Yes, if the games are marketed specifically to ignore your tastes as a consumer. If you are a huge unused demographic (like, women) and it's absolutely important to you to have these features in a game, then you are indeed being excluded if marketers ignore you.
And you are very right, it was a short sighted and ill funded endeavor. But, since they have no requirement to give those endeavors the same treatment as the multi-billion dollar franchises, I can't fault them for going smaller there. After all, if all you do is sell SUV vehicles, you don't throw all you money into subcompacts and hope it has the same payout. You invest less and make a trial run and use the results of that to judge if you want to invest more. Games have had little success with what you want, and while that sucks, that effort made and made repeatedly every other year is more then we deserve even. When we don't support that stuff, it stops being made. That is not exclusion, that is a badly performing product being cut because it performed badly.
False argument. For one thing, it's not about getting the same "endeavors". It's about getting competent endeavors. If you agree that the game wasn't marketed well, then that ends any point to be made. Because if the marketing was incompetent or botched, then the product was not a fair attempt at inclusion.
Yeah, they have biased perspectives based on who bought their games last time. Not surprising they would get a test group of people in the demographic they want to sell to who would have likely bought games before and will again. That they didn't get a hugely diverse group is no more surprising then a clothing store not getting a highly varied group if they were doing market research on dresses and shirts for young girls. The have group they are marketing to, and much like how the shirts meant for young girls can still be sold to and worn by fat overweight adult men, neither are games excluding anyone from purchase or enjoyment.
Again, that isn't how marketing works. If you don't focus test a diverse group of people, you do not get accurate data from focus groups.
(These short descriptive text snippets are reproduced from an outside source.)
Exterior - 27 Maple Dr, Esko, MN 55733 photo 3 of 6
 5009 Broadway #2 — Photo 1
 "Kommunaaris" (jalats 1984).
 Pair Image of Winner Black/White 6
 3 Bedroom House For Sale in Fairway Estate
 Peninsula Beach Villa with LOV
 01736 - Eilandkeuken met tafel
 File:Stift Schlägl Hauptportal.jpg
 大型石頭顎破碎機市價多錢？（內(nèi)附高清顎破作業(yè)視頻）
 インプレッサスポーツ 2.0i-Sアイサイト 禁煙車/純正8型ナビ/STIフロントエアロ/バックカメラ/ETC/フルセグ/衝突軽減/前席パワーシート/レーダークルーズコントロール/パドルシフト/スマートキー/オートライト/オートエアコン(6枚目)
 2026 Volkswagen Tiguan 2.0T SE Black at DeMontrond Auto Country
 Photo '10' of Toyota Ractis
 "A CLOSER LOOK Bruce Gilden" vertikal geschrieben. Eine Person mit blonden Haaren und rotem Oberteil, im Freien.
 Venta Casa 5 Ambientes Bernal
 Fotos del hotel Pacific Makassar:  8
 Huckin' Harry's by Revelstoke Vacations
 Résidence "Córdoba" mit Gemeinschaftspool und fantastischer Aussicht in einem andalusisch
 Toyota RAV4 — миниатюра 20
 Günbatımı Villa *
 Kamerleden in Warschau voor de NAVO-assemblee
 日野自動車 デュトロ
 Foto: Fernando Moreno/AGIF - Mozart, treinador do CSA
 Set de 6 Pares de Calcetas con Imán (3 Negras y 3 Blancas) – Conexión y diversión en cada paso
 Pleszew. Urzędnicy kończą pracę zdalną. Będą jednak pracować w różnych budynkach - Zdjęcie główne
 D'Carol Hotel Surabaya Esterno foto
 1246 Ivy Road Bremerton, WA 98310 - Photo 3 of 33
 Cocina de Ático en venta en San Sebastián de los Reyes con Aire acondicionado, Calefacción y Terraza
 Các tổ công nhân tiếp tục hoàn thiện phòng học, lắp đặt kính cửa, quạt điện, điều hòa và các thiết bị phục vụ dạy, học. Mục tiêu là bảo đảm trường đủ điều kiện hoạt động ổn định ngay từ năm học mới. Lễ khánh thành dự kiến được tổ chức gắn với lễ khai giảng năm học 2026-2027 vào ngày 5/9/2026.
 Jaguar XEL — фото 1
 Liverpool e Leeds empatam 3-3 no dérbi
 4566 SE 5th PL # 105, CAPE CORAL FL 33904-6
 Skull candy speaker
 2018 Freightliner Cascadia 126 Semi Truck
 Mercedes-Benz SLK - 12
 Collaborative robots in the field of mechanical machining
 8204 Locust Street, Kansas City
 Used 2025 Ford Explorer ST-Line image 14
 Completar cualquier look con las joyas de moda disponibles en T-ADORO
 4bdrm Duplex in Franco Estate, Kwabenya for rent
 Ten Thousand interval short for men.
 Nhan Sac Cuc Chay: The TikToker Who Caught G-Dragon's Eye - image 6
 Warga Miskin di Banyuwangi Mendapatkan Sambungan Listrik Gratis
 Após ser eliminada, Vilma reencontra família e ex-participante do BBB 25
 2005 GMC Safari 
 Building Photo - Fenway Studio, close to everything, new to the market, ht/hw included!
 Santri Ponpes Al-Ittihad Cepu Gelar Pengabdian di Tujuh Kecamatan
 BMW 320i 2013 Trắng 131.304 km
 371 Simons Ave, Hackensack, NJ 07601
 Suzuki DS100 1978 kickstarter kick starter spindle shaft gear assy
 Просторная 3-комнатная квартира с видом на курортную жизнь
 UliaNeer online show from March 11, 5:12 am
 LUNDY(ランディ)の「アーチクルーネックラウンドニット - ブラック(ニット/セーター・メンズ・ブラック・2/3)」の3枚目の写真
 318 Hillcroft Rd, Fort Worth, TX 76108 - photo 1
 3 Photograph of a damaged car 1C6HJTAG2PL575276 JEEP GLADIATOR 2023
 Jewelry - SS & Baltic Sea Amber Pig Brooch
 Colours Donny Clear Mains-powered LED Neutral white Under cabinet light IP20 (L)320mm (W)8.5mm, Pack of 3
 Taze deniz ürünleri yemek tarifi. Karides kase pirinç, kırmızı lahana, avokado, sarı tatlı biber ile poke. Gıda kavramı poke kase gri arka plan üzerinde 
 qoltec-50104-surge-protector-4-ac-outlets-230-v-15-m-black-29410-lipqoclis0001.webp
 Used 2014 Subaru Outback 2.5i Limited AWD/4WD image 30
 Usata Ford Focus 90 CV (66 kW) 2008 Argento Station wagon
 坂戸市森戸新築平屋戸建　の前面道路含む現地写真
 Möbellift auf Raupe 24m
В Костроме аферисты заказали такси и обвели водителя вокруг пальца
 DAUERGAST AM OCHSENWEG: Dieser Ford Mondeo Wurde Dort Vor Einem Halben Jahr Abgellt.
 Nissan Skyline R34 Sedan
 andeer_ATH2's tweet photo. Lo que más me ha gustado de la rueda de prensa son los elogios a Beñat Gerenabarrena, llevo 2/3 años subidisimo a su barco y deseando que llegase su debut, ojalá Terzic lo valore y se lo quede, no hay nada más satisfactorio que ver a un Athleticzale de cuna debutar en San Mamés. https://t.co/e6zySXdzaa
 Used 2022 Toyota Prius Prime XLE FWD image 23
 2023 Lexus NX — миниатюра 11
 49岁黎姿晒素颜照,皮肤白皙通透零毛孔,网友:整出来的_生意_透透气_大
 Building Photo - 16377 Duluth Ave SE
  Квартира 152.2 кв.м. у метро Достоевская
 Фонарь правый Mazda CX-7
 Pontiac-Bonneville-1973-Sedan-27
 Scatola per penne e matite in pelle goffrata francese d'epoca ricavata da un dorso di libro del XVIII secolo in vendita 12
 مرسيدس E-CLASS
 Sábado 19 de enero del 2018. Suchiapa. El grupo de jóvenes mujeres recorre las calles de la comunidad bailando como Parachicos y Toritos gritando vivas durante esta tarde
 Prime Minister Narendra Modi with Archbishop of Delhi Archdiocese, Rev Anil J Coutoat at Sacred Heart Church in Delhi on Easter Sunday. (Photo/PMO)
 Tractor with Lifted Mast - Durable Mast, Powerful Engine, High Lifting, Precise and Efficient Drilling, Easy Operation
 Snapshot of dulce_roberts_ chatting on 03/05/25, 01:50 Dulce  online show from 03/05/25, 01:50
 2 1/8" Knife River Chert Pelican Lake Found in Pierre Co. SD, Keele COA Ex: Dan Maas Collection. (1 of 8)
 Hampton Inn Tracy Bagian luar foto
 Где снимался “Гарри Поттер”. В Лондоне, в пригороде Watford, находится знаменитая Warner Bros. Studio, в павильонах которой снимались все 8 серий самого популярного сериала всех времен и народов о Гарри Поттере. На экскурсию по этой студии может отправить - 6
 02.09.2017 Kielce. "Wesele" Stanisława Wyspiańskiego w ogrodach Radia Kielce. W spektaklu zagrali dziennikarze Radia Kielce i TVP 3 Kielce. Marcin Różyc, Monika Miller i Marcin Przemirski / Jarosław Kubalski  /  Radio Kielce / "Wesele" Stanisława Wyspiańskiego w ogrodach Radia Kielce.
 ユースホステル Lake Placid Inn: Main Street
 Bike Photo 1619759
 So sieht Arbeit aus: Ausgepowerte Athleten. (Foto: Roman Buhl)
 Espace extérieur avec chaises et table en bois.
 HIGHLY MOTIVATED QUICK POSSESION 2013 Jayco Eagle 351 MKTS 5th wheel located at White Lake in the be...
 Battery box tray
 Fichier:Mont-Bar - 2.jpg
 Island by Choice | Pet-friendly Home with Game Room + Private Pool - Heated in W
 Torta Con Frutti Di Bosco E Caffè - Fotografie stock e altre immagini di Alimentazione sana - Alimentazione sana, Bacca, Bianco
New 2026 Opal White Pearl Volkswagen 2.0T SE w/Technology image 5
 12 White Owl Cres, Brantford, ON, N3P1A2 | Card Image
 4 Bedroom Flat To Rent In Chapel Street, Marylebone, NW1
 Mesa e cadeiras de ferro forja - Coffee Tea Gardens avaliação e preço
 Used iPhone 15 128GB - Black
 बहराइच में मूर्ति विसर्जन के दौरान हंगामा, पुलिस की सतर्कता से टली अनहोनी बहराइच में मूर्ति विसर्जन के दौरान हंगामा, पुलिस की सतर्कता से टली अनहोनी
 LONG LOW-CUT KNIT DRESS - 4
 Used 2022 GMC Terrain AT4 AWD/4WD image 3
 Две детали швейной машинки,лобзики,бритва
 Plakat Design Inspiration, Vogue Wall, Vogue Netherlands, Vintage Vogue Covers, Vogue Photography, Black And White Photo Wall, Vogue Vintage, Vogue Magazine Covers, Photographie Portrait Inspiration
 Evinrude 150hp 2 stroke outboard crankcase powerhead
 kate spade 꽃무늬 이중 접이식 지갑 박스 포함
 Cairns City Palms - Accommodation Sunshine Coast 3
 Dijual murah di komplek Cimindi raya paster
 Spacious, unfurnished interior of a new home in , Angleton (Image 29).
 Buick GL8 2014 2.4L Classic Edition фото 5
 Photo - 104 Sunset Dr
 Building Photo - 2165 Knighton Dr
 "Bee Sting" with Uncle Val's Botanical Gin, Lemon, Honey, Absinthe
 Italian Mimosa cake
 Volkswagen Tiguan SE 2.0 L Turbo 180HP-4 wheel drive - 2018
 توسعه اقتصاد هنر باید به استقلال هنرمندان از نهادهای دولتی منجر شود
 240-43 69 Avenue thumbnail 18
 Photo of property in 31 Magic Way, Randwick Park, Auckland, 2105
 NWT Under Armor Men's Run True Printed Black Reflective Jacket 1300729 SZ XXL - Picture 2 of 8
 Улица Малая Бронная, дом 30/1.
While focus groups typically have people in a particular demographic, what Naughty Dog reported was that their publisher was flat out using bias confirmation to make assumptions that hadn't even been conclusively proven yet.
Informing people is great, and guys like Jim and EC do great for helping to spread information, but there is a limit to what they do. There is a reason they spread things out, talk about lots of topics instead of dwelling on one. People get sick of hearing about it. People are sick of people complaining about it. And while they may love a good righteous rage about things, it wears on people to hear it all the time and it starts to harm the cause for it.
[snip]
It is nothing knew. Beating that dead horse solely to reiterate that can drive people away or make them more apathetic.
Not really. If anything, people start talking about these issues. Like we are now. The longer you debate with me, the longer you disprove this whole argument. Even if you don't agree with it, you took the time to answer. You're anything but apathetic, and judging by the number of replies on subjects like this, a lot of people aren't either.
At this point, it doesn't matter if people, like you I suppose, are actively against talking about sexism in games. The fact that you're doing so right now means that me, and other people like me, can become more visible to each other. People are having discussion panels about the subject, creators are talking about it, and journalists are talking about it
So far, it's been pretty positive.
Secondly, it is that you are fighting a mountain here. They have their current huge success and lots of data supporting their actions, nothing you can say will change that sort of entrenched company culture at this point.
Even if that were true (which it isn't), that's none of your business, is it? If you think it's pointless, then what you're doing is equally pointless.
Everything else is redundant, so I'll end it here.